Fendy S. Tulodo is a writer from Indonesia who enjoys poetry, music, and visual storytelling. His poems often explore memory, small moments, and quiet feelings. When he’s not writing, he spends time making music or being with his family in Malang.
You can read Laundry is a Kind of Time Machine in the April 2025 issue.
Would you like to tell us a little bit more about your poem? For instance, how or why you wrote it, or perhaps provide some extra context?
I wrote this after doing laundry and catching a smell I hadn’t noticed in years. It pulled me back to when I was younger, watching my mom do the same thing. The poem grew from that small moment. I’ve always felt like laundry carries more than just clothes. There’s memory, emotion, even silence. I wanted to write something that shows how the everyday can hold things we don’t always have words for.
If you didn’t write poetry, how do you think you might access the same fulfillments that poetry offers in your life?
Probably through music. I make music sometimes, and it gives me a similar feeling. There’s rhythm, silence, feeling. Both let me say things I can’t always explain in day-to-day conversation.
How do you revise your work?
I let it sit for a bit. Then I read it out loud. If something feels off or forced, I try to fix it. I cut a lot. Sometimes too much. But I always save old versions, just in case. I want the poem to sound honest, not perfect.
As a poet, what does creative success or achievement look like for you?
If someone reads my poem and feels less alone, that’s enough for me. I don’t think success always means a big audience or a prize. It’s more about connection. If the poem reaches even one person in the right moment, that’s the real thing.
How or where or with what does a poem begin?
Usually something small. A line that pops into my head, or an image that sticks. Sometimes it’s a memory I don’t fully understand yet. I just follow it and write until it starts to make sense.
How do you make space for poetry in your daily routine?
I don’t write every day, but I pay attention. I jot things down when they come. A line, a thought, something I notice. Even if I don’t write a full poem, I’m always collecting little pieces. They add up over time.
Do you have a trusted first reader and how did they win the honour?

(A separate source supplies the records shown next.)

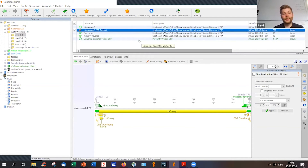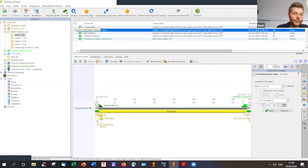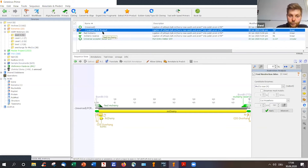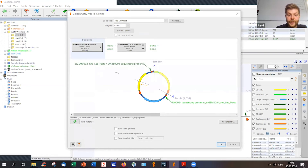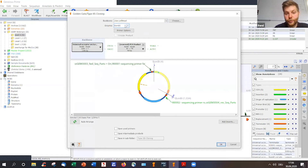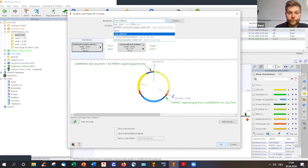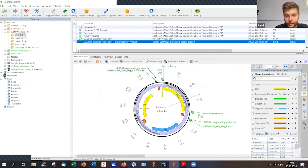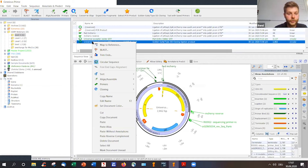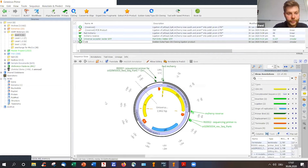Geneious has a very useful golden gate assembly tool. I mark the PCR product, mark the acceptor vector or level zero plasmid, click on 'Cloning > Golden Gate Assembly,' and Geneious recognizes everything on its own. You can choose the different enzymes; for level zero I use BsmBI. Click OK and everything else is done by Geneious. Now my insert is in the level zero plasmid and I just edit the name — 'level zero mCherry' — and we can use that for further assemblies.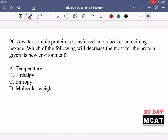In question 90 it says a water-soluble protein is transferred into a beaker containing hexane. Which of the following will decrease the most for the protein given its new environment? We're talking about a water-soluble protein now placed in hexane. If it's water-soluble, the majority of its amino acids are hydrophilic — they like to bond with polar things and dissolve in polar solvents. Now they were just placed in a nonpolar solvent, and what happens when you put something polar into something nonpolar is you get the hydrophobic effect.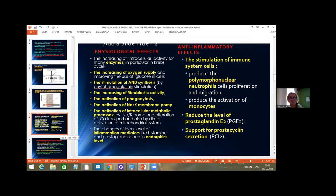There are many physiological effects described in the literature, including increased intracellular activity of many enzymes — particularly in the Krebs cycle — increased oxygen supply, improved use of glucose in cells, stimulation of ATP and ADP synthesis, increased proteolytic activity, activation of phagocytes, activation of the sodium-potassium membrane pump, activation of intracellular metabolic processes, and changes in local levels of inflammation mediators like histamine, prostaglandins, and endorphins.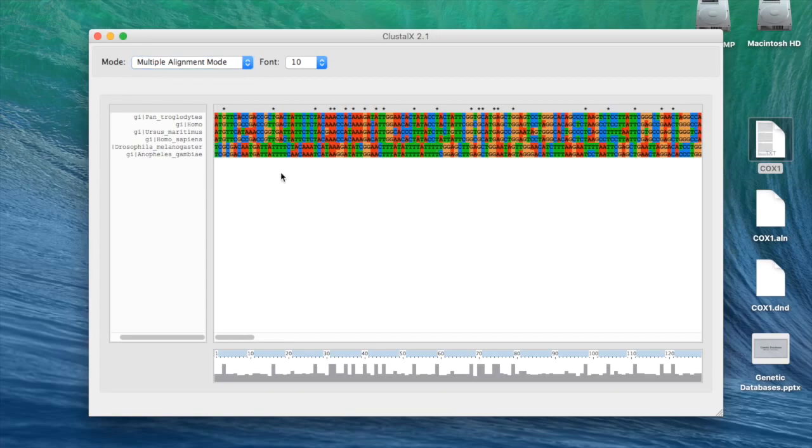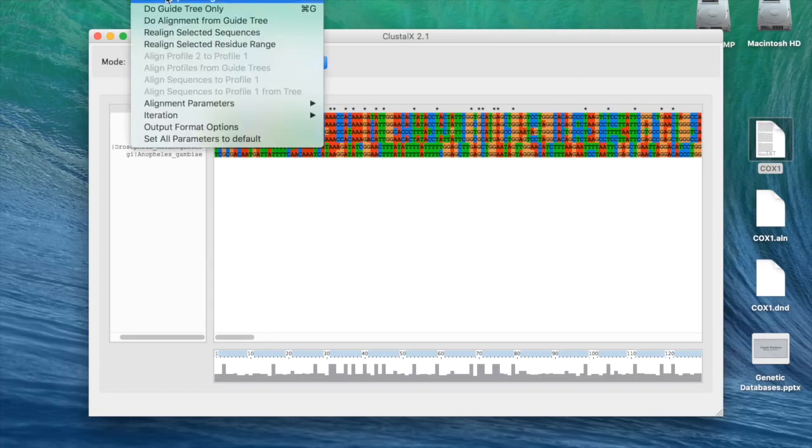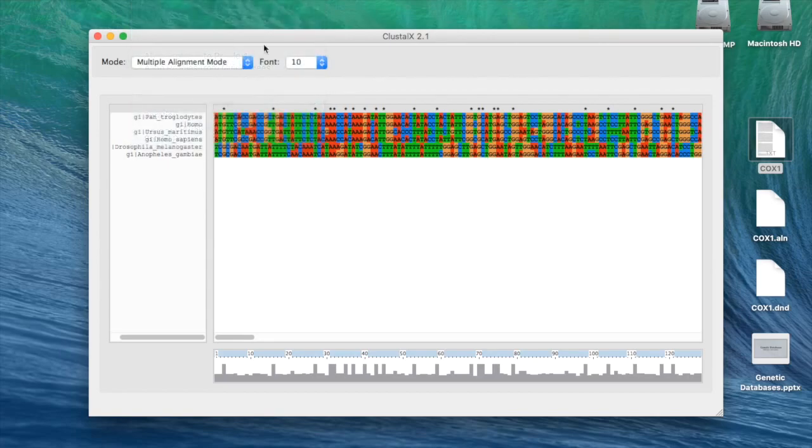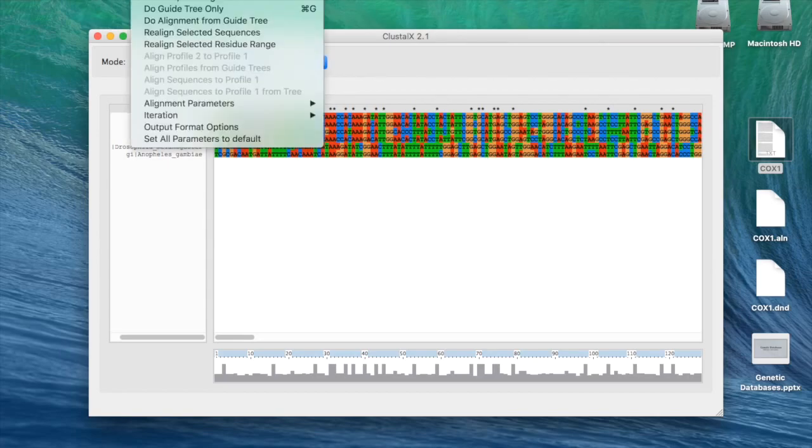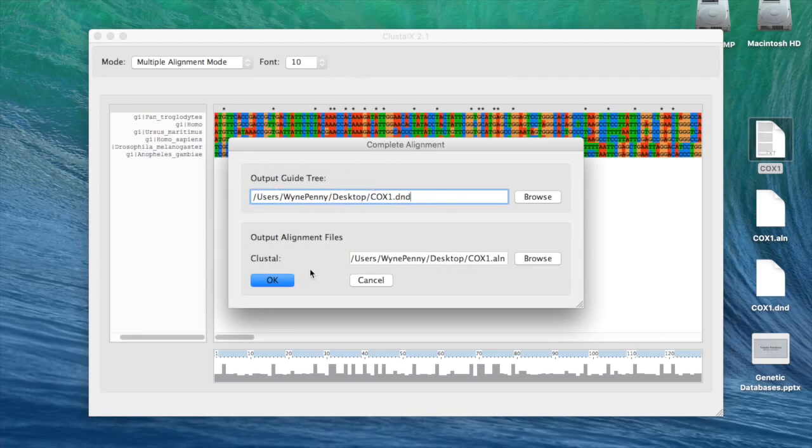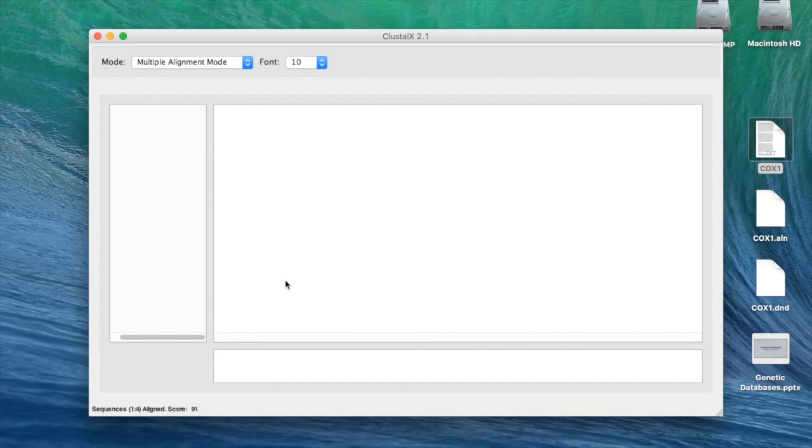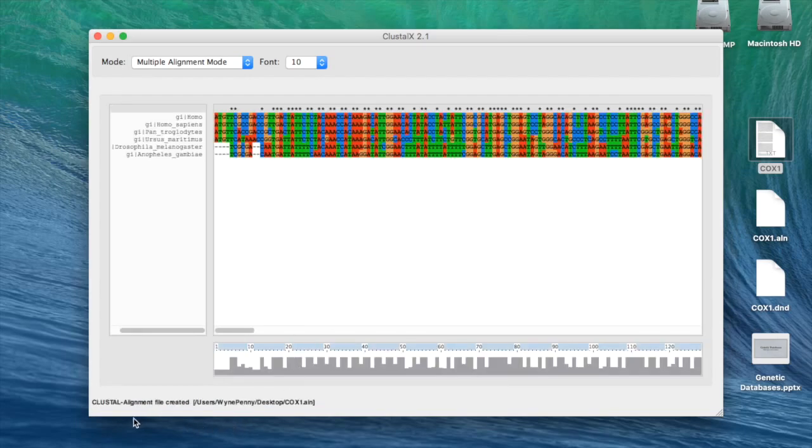But the last step is we actually need to align these sequences so the program can determine where the actual real differences are between the genes. If I go to Alignment, and then click, that's in the ClustalX menu, Alignment, and then click Do Complete Alignment. This will give me an output guide tree. This goes back to what I was saying about Topic 5. This file could be saved for use later in the syllabus when we actually come back to look at phylogenetic trees and evolutionary relationships. I'm going to press OK here to run the alignment. You can see it was working away there. And now this program, ClustalX, has aligned our sequences.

Yes. My wife reads almost everything I write first. She doesn’t try to sound like an editor or a critic. She just tells me how it feels. Sometimes she says nothing, just “I liked it,” and that’s enough. She earned that spot by always being honest and kind, even when something doesn’t quite work.
How did you begin writing poetry? Was there a specific inspiration or reason?
I started writing more seriously after I lost my father at the end of 2023. It was a quiet way to deal with everything I was feeling. Some of those early poems became lyrics in songs I released last year, but not all of them were meant to be sung. Writing helped me stay close to memories I didn’t want to let go of. That’s when poetry started to matter more to me.